With that in place, it also becomes trivial for anyone to create Docker
images, Deb/RPM packages, or a plain tarball with guix pack
:
# How about a Docker image of our Guile snapshot?
guix pack -f docker -S /bin=bin guile@3.0.99-git
# And a relocatable RPM?
guix pack -f rpm -R -S /bin=bin guile@3.0.99-git
Bonus: Package variants
We now have an actual channel, but it contains only one package. While
we’re at it, we can define package
variants
in our guile-package.scm
file, variants that we want to be able to
test as Guile developers—similar to what we did above with
transformation options. We can add them like so:
;; This is the ‘.guix/modules/guile-package.scm’ file.
(define-module (guile-package)
…)
(define-public guile
…)
(define (package-with-configure-flags p flags)
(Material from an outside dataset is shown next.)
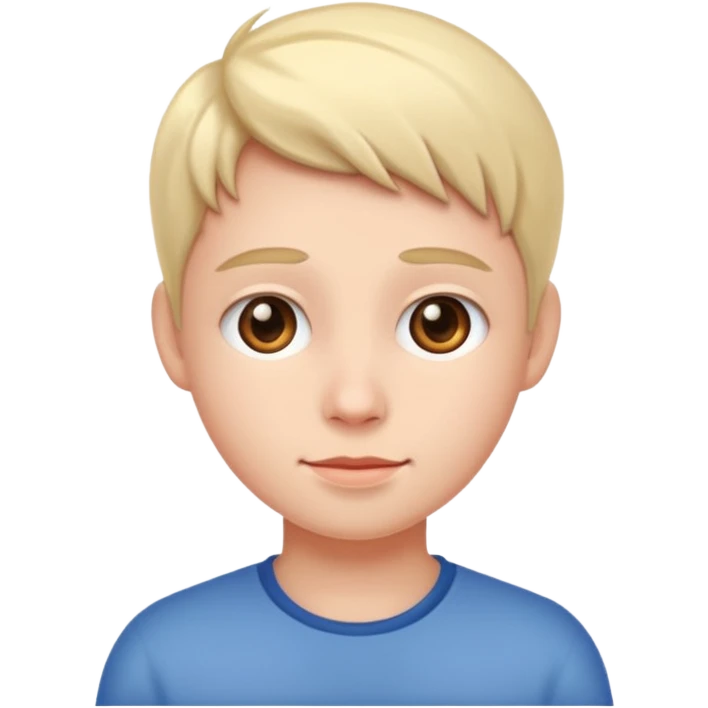 cute ones please emoji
"Return P with FLAGS as additional 'configure' flags."
(package/inherit p
(arguments
(substitute-keyword-arguments (package-arguments p)
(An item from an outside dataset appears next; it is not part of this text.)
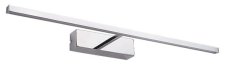 Rabalux 3910 Picture slim svítidlo nad obraz LED 12W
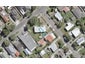 4C Avon Street, Waterloo, Lower Hutt - Carousel 1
((#:configure-flags original-flags #~(list))
#~(append #$original-flags #$flags))))))
(define-public guile-without-threads
(package
(inherit (package-with-configure-flags guile
#~(list "--without-threads")))
(name "guile-without-threads")))
(define-public guile-without-networking
(package
(inherit (package-with-configure-flags guile
#~(list "--disable-networking")))
(name "guile-without-networking")))
;; Return the package object defined above at the end of the module.
guile
We can build these variants as regular packages once we’ve pulled the channel. Alternatively, from a checkout of Guile, we can run a command like this one from the top level:
guix build -L $PWD/.guix/modules guile-without-threads
Level 3: Setting up continuous integration
This channel becomes even more interesting once we set up continuous integration (CI). There are several ways to do that.
You can use one of the mainstream continuous integration tools, such as GitLab-CI. To do that, you need to make sure you run jobs in a Docker image or virtual machine that has Guix installed. If we were to do that in the case of Guile, we’d have a job that runs a shell command like this one:
guix build -L $PWD/.guix/modules guile@3.0.99-git
Doing this works great and has the advantage of being easy to achieve on your favorite CI platform.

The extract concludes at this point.